Unos días antes de Navidad, Rossella para un momento en la iglesia a Jim, profesor de religión y responsable de la catequesis en la parroquia: «Queremos invitar a la comida de Navidad a una familia necesitada, ¿nos puede indicar alguna?». «¿Pero la queréis invitar a vuestra casa?». «Sí, claro. ¿Por qué?». «Es una petición bastante extraña. En América la ayuda se da a “distancia", sin implicarse directamente». Debido a las vacaciones, la familia no estaba, pero Jim les invitó a pasar juntos el fin de año. Fue el inicio de una nueva amistad, y Rossella se ofreció como catequista para los niños de primero.
Los encuentros se fueron sucediendo, el grupito creció con la llegada de Gabriele, un estudiante italiano que sigue la experiencia franciscana y que llegó a Rossella por indicación del cura de la parroquia; con Marco, que es del movimiento y llegó a State College por un breve periodo después de un post doctorado en Chile; con Francesco, un ítaloamericano de Pittsburgh que estudia Ingeniería. Cenas, barbacoas, excursiones, a las que a veces se suman también Marisa y Tommaso. Porque esa amistad no la quieren dejar. Allí se comparte la vida, y los miedos se van desvaneciendo poco a poco.

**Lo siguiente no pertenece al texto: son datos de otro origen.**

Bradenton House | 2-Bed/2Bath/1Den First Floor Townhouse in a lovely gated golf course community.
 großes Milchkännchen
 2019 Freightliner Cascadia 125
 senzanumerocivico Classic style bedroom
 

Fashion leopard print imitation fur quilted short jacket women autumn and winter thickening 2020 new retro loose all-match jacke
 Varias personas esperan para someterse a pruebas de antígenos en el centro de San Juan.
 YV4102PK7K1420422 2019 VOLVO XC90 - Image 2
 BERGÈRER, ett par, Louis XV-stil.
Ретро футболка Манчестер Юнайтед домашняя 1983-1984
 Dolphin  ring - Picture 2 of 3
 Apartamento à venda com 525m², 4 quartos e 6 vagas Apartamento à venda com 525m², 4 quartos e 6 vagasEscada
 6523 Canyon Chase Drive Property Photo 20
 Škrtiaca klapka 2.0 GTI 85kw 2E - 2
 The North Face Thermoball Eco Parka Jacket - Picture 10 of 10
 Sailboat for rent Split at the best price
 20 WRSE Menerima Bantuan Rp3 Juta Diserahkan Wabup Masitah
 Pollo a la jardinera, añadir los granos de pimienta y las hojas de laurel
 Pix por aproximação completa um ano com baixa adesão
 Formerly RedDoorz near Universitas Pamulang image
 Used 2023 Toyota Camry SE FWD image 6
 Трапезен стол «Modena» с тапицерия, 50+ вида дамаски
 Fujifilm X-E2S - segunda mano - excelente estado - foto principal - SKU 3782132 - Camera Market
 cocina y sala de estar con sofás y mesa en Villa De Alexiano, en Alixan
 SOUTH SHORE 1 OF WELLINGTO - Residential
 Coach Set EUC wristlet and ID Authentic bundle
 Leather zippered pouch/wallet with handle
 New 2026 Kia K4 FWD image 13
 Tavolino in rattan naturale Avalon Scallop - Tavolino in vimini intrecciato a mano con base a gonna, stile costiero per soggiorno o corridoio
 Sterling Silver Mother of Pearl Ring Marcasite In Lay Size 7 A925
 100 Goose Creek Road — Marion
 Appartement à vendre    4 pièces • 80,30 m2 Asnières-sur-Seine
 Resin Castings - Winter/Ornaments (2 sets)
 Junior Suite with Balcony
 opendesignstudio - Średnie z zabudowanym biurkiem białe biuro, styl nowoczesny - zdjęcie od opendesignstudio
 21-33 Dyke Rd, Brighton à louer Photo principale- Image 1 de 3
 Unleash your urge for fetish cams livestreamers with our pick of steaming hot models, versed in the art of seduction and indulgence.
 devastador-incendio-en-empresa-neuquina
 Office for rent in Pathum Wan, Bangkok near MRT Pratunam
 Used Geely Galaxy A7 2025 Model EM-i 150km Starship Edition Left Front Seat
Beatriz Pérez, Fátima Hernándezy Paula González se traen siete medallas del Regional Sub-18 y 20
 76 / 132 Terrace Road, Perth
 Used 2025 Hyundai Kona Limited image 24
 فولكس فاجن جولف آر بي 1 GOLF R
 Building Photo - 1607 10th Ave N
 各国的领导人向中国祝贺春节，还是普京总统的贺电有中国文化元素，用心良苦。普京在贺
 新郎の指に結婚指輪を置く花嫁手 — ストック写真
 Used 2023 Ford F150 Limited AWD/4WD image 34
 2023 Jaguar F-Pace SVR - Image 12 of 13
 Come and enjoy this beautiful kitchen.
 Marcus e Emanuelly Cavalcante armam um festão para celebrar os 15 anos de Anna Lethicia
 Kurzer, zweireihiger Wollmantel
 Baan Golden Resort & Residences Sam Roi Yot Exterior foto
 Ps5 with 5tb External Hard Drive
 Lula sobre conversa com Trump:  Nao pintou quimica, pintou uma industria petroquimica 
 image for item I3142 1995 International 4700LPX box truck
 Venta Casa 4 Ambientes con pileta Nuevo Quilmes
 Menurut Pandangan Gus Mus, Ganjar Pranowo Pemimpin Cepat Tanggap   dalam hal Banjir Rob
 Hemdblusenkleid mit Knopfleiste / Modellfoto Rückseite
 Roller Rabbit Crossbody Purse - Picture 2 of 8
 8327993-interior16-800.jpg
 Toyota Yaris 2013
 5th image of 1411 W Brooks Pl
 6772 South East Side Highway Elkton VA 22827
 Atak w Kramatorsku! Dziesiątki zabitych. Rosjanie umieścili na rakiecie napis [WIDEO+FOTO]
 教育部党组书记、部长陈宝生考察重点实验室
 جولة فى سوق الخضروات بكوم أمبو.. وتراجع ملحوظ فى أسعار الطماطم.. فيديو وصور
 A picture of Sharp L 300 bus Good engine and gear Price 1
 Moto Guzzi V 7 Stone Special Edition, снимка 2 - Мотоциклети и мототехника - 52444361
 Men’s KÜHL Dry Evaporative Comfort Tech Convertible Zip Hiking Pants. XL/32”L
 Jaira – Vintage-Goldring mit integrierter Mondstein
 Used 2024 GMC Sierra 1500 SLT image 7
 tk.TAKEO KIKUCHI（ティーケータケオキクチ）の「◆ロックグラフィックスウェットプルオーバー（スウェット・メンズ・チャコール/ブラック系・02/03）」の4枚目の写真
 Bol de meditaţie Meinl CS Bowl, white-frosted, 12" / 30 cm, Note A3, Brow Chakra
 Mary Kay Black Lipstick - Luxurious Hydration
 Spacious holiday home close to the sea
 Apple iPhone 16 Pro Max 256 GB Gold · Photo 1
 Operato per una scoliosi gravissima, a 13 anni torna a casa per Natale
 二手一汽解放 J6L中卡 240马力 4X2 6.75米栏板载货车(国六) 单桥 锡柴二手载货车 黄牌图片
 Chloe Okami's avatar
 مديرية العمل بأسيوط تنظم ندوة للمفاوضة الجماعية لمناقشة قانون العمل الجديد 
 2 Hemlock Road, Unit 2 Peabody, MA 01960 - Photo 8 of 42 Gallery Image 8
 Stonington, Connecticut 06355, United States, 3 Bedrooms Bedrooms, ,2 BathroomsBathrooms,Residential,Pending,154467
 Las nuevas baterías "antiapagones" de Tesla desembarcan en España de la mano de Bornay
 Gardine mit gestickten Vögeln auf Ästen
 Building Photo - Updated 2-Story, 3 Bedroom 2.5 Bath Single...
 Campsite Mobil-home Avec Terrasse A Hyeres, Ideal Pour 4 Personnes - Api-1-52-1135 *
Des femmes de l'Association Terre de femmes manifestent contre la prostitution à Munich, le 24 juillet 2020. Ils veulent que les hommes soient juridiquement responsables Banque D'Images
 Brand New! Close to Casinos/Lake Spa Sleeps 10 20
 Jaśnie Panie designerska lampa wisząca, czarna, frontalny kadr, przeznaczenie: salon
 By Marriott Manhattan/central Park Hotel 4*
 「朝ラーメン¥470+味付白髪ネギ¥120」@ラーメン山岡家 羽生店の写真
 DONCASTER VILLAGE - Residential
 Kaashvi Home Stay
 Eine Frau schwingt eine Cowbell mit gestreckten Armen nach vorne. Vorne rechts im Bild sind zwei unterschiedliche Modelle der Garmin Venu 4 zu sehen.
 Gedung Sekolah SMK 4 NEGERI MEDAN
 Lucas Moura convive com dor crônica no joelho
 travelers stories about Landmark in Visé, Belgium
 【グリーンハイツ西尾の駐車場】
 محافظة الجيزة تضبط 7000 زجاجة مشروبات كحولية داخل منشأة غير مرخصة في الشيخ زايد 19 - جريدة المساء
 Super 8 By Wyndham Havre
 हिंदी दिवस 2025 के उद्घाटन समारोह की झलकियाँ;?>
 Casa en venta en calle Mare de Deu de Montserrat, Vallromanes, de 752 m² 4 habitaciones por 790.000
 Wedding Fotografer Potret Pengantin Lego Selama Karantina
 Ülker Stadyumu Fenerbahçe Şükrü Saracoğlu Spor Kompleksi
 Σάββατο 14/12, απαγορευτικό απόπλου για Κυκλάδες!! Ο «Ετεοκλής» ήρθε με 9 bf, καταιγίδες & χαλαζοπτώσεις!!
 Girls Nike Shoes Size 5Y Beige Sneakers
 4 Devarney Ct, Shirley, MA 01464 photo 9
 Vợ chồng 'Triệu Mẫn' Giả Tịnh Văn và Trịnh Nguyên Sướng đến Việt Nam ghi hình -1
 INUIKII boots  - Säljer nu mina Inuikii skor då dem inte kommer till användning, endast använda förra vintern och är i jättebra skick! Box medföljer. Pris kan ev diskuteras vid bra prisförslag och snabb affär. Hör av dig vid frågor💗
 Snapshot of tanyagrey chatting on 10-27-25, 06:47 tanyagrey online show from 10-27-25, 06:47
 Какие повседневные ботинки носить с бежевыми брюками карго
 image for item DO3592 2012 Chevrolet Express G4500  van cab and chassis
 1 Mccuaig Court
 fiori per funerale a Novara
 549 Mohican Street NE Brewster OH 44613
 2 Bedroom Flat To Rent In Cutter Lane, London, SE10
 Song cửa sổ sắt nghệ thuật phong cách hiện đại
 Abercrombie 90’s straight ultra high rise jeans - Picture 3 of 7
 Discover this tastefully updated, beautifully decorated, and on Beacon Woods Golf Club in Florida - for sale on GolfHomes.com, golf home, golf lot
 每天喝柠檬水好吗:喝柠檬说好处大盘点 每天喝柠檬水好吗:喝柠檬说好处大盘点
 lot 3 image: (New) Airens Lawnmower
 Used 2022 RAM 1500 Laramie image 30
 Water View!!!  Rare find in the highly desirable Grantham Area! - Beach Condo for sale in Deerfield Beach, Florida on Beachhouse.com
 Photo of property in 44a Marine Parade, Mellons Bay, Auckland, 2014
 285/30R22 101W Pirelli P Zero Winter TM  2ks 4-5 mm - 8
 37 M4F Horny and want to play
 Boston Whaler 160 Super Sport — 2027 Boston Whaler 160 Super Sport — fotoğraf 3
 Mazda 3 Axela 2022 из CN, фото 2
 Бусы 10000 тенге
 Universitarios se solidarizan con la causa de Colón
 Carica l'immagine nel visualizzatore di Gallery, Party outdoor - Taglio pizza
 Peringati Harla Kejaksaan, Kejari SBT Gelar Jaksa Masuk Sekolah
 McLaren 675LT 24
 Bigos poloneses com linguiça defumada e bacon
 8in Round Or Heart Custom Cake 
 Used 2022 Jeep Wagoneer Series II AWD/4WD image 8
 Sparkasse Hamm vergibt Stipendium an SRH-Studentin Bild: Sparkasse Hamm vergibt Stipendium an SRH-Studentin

En Italia, la experiencia cristiana de Rossella estaba circunscrita a los amigos de la comunidad del movimiento. «Tenía una cierta actitud de presunción con los demás. Aquí, en estas situaciones de aparente soledad, me he abierto a la Iglesia, y ha sido un descubrimiento fascinante el hecho de poder vivir la comunión con otros. He entendido las palabras del Papa en 2015 cuando fuimos a la plaza de San Pedro: “Saber escuchar a quien no es como nosotros, aprendiendo de todos". Así ha sido para mí. Pero sobre todo, a través de estos encuentros inesperados, he percibido la paternidad de la Iglesia conmigo. Dios me está mostrando que es un padre bueno». En estos años americanos, esta paternidad también ha tomado conciencia para Rossella y Francesco en la amistad con Luca, Enrico, Salvatore, Ombretta, memores que han conocido en varias ciudades. «En nuestras diversas residencias, nunca nos ha faltado su compañía». Un día tenían que tomar una decisión importante. Pidieron consejo a Enrico. Este, al final del mensaje, les decía: «Perdonadme si me equivoco». «En aquella frase tan humilde y sencilla sentí el respeto que tenía por nosotros, por lo que nos estaba pasando. Una vez más el Señor se inclinaba sobre nosotros».